THE STORY TELLER
WITH DAVID RATTLER
TST: Congratulations on the release. We enjoyed it. This novel hits hard from the very start and doesn’t let. It’s classic David Rattler. I think you enjoy the shock factor.
DAVID: Thank you and yes I do enjoy the shock factor. There’s no reason hiding a truth or not facing an uncomfortable truth. To sugar coat that truth means to write with some one else’s convictions, it would validate and empower a false reality.
TST: Was it your intention to paint two dark elements on the work, or did it just happen, and if so what was the bases for characters that dark?
DAVID: The Season Series is a dark journey, but from the darkness comes the enlightenment of self and the light of empowerment. Some dark characters counter balances other dark characters, but their equally as dark and just as deadly.
TST: At first I thought you had gone soft, because you hide the darkness in one character so well it was almost laughable, but as the story continues we begin to see a madness that’s almost impossible to believe exist in actual human beings, but it dose. Why tackle a subject matter that taboo to think about even in this century with such an intensity that’s almost frightening?
DAVID: I think that should be the mission of all writers. Never shy away from uncomfortable truths, just because they’re subjects some don’t want to face and are in constant denial of existence. The reality is, it’s not just going to go away like some people hope and the problems not going to be solved until that truth, is not only faced, but recognized, and a different course toward a solution is plotted.
TST: But doesn’t that impact sales when you forced people to face those truths they don’t want too? Some say your just a trouble maker, a school yard bully looking for a fight.
DAVID:(Laughing) Maybe, but remember for me it’s always been a fight from the start.
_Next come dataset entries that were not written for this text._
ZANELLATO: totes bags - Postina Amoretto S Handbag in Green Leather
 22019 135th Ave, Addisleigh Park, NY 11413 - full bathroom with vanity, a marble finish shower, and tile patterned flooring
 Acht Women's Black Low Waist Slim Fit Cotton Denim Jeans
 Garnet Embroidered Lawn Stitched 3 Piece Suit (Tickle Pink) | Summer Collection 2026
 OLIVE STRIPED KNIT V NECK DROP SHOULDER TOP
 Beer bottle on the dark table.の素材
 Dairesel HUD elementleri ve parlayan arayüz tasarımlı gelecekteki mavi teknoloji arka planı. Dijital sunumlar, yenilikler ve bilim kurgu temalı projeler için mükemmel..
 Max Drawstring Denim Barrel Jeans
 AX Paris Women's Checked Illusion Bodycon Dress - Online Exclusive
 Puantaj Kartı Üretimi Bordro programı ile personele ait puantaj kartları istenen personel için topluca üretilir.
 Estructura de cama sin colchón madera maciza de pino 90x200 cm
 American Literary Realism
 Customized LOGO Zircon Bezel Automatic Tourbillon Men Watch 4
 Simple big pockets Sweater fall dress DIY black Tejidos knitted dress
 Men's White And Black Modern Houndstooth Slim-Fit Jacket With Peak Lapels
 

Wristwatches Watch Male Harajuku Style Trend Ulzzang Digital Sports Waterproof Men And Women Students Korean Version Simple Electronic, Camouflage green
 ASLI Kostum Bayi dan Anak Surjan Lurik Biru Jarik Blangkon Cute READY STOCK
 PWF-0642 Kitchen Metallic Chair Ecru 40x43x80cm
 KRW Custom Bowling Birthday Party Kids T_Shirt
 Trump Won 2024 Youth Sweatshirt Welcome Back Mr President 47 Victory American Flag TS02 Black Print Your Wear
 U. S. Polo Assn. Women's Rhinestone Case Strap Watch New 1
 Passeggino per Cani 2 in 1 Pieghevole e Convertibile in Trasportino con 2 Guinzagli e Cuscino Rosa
What you got to remember is I’m a minority and sales are going to be impacted for other reasons as well. I don’t preserve white privilege or complain about how the causes and effect on minority suffering, like some writers. My characters will ever beg for humanity or trade that humanity for servitude. To me if you sell out for the sake of a dollar you might as well believe the pale face Jesus man that resemble the Pogromites that was a cause of persecution people of color will actually save you from the ones that look like him. See I side step the gate keepers (agents) and white editors I keep hearing their great, but I know what they’re looking to keep that burden on the backs of people of color. They want to forced that white pride and privilege bullshit, by adding colorful content, submissive whispers that make other whites feel good, and safe, and warm, when they read works of people of color. So sales for me are going to be minimal anyway. The color of my skin, the words I refuse say, the pride I have in both the Native and the African in me, will always play a factor in that, and the end result is all the same. So might as well say what I need to say, the way I need to say it? I believe to broader your horizons means to look at the world through the eyes of others, the wiser you become about the world around you, the less time you have to justify your ignorance of.
TST: You’re known for that straight forward, no surrender attitude. But one has to wonder if The Season Series is the author striking back at some profound incident in the past, some pent up anger?
DAVID: By that your implying that I’m using literature as a conduit, that a tricky question. I one sense my assault is and isn’t personally connected to me. It’s connected because of my humanity, not because of an event. And in a sense I think all writers works are connected to them in some way or another, but don’t discard the authors creativity either. It would be a grave mistake to judge an author by his works, and try, and connect to his or her emotions of a certain aspects of his or her life to the work.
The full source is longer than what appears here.